In Kapitel 7 werden Opfer ohne Namen thematisiert und Kapitel 8 beschäftigt sich mit mysteriösen Todesfällen, bei denen unklar bleibt, ob es sich um einen Mord, eine Selbsttötung oder einen Unfall handelt.
Diese Fälle werden sachlich zusammengefasst und präsentiert, doch trotz der nüchternen Darstellung berühren mich diese ungelösten Fälle. Am Ende jedes geschilderten Verbrechens wird ein Foto der oder des Opfers sowie die Kontaktdaten der entsprechenden Ermittlungsbehörden angegeben, um sachdienliche Hinweise zu ermöglichen.
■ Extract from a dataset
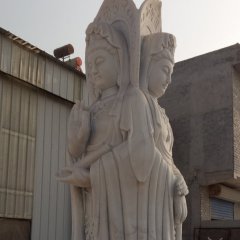 三面觀音石雕，立式觀音石雕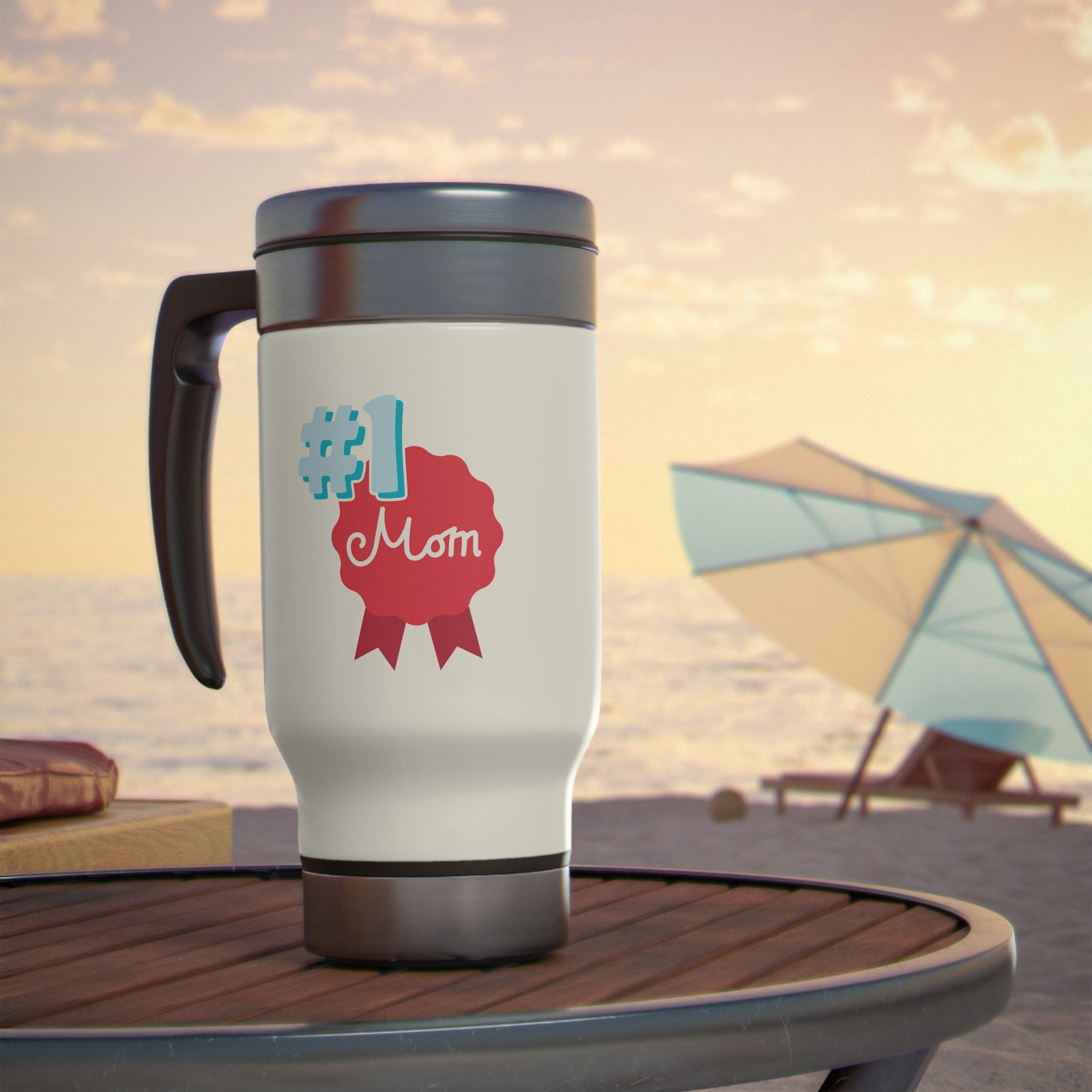 Mom You're No.1 Stainless Steel Travel Mug with Handle, 14oz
Tatsächlich ist mir von den vorgestellten ungelösten Fällen nur einer bekannt, den ich bereits aus einem anderen True Crime Buch kenne.
Einziger Kritikpunkt für mich hier ist, dass sich ein paar kleine Ungereimtheiten eingeschlichen haben. Mir scheint, dass es Flüchtigkeitsfehler sind, dennoch bin ich an ihnen hängen geblieben.
Bis zu diesem Sachbuch wusste ich nicht, was Websleuthing ist. Die Welt der Internetdetektive ist durchaus spannend, regt mich aber besonders in Bezug zu den moralischen und ethischen Grenzen zum Nachdenken an.
Auch hinterfrage ich mich nach dem Lesen selbst, was bei mir die eigene Faszination für Verbrechen auslöst und wie vielleicht künftige Verbrechen oder hoffentlich auch alte Fälle durch die Zusammenarbeit mehrerer Menschen und Ermittlungsbehörden geklärt werden können, wenn sich alle an wichtige Regeln im Umgang mit den Informationen halten.
Fazit:
Die Sucht nach Verbrechen: Wie Internetdetektive in True-Crime-Fällen ermitteln ist ein interessantes Buch, welches sich auf sachliche Weise mit dem Thema auseinandersetzt und dies besonders auf der psychologischen Ebene im Zusammenspiel mit den modernen Medien beleuchtet. Empfehlenswert für alle, die sich für True Crime und die Arbeit von Internetdetektiven interessieren.